After recovering from a shattered right leg incurred during the Siege of Pamplona in 1521, Ignatius made a retreat with the Benedictines of Montserrat. They introduced him to the Ejercitatoria de la vida espiritual of Garcias de Cisneros, based in large part on the teachings of the Brothers of the Common Life, promoters of the "devotio moderna." From there, he spent ten months at Manresa, where he discovered The Imitation of Christ of Thomas à Kempis. Parts of the Exercises were completed later while he was a student in Paris.

==General principles==
Ignatious spirituality has been described as a spirituality of finding God's will for better decision making. According to Hans Urs von Balthasar, "choice" is the center of the Exercises. Their original objective was the question of the choice of a state of life.

The Ignatian process of making good decisions acknowledges that decisions are often between two goods, understanding that the better good, or "the more" (lat. magis), is what we instinctively want, and what God wants for us. "In all things, to love and to serve" (Spanish: en todo amar y servir) was a motto of St Ignatius, who wanted to "be like St. Francis and St. Dominic", though better.

==Aspects of Ignatian spirituality==

Ignatian spirituality has the following characteristics:

God's greater glory: St Ignatius of Loyola—"a man who gave the first place of his life to God" said Benedict XVI—stressed that "Man is created to praise, reverence, and serve God Our Lord and by this means to save his soul." This is the "First Principle and Foundation" of the Exercises. Ignatius declares, "The goal of our life is to live with God forever. God, who loves us, gave us life. Our own response of love allows God's life to flow into us without limit.... Our only desire and our one choice should be this: I want and I choose what better leads to the deepening of God's life in me."
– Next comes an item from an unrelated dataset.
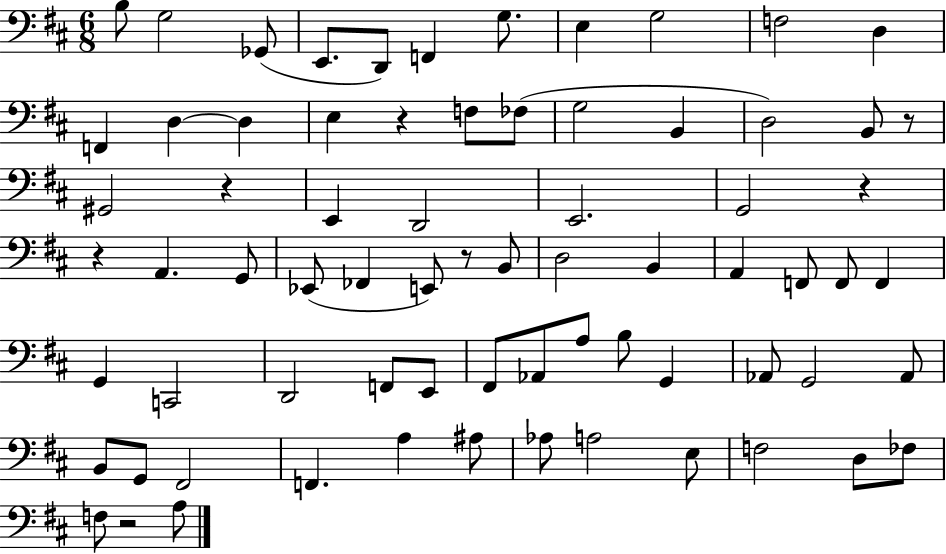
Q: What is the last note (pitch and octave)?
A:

Union with Jesus: Ignatius emphasized an ardent love for the Saviour. In his month-long Exercises, he devoted the last three weeks to the contemplation of Jesus: from infancy and public ministry, to his passion, and lastly his risen life. To achieve empathy with Jesus and a closer following of him, Ignatius proposed a form of contemplation that he called "application of the senses" to the scenes in the life of Jesus. The Spiritual Exercises, in 104, sum this up in a prayer that the believer may "love him more and follow him more closely". There is a considerable emphasis on the emotions in Ignatius' methods, and a call for one to be sensitive to emotional movements.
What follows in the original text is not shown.